May 1 is the nationwide deadline for high school seniors to choose which college to attend, and the day represents the end of a long and arduous process. Students and their families often mark the occasion with a sense of pride, joy and relief. In this vein, Latin students have historically demonstrated such pride and excitement by wearing their college merchandise at school.
An email sent to seniors and their parents from the College Counseling Office, however, highlights how not all students greet the moment with the same level of exuberance and that, for some, the day causes more negative than positive feelings.
The email conveyed the ways in which this tradition has become troubling for college counselors and school administrators, as it can become a source of stress or disappointment for seniors who may still be in the decision-making process.
The letter states: “While some students are excited to reveal their school choice, some students who would prefer to navigate the college process more privately feel a tremendous amount of pressure and even anxiety surrounding such an event.”

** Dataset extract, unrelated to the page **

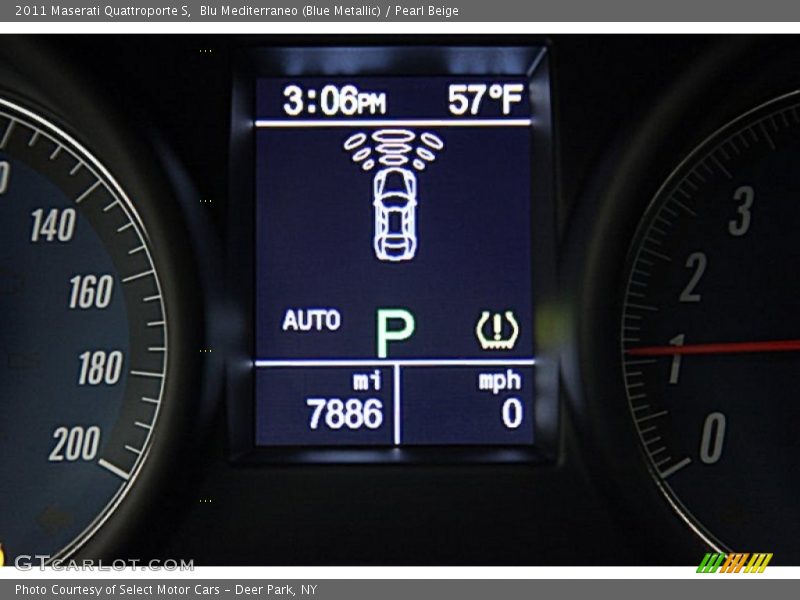 Blu Mediterraneo (Blue Metallic) / Pearl Beige 2011 Maserati Quattroporte S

Joe Edwards, Latin’s Dean of Students for 11th and 12th grade, said, “Some people are super excited about and know where they are going and for others the process involves disappointments about not getting into the schools they aspire to or using waiting from waitlists to get into schools they’d rather go to instead of being admitted.”

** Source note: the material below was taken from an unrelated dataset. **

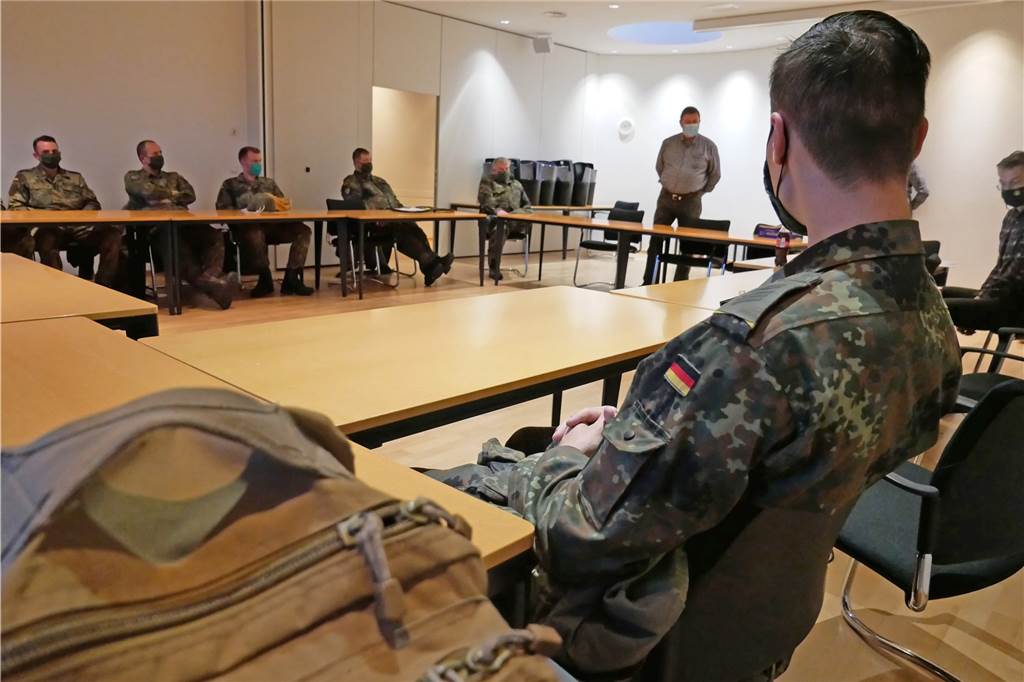 Fachbereichsleiter Josef Merfels gibt den Soldaten eine Einführung.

Surprisingly to some, this isn’t the first year Latin declined to organize a formal College Day event. Director of College Counseling Alexandra Fields said, “For a couple of years now, celebrating on May 1 has been something that students have done, but it hasn’t been a school-sanctioned event.”
Senior Ryan Hardiman said, “I wish we would have a college shirt day, but I understand the college counselors’ decision.”
As such, this year, and presumably from here on out, the senior group photo with students donning their near future on their chests will not take place. Mr. Edwards noted, “It just doesn’t feel like the right thing to do.”
Senior Remy Rigby said, “If students want to wear their shirts, they should be able to. All of us have worked really hard for the past year, and we should be able to share our accomplishments.”
However, Mr. Edwards specified that representing your college is not frowned upon. “People can be proud about where they are going, and they should be proud. We want students to maintain the autonomy about how their story gets told.”.
“Students are welcome to, and many will choose to, wear their school shirt or t-shirt, but it is not something that the school organizes,” Ms. Fields said. “If there are enough students and families who are worried about this, is it really worth putting them in that position?”
The email from the college counselors concluded by reminding Latin students how fortunate they are to be moving on to college at all. “College is often viewed as a given, an assumed next step. This is not the case in many places around the country and the world. … 100% of our seniors will matriculate to a diverse list of stellar institutions.” And that is something everyone can feel good about.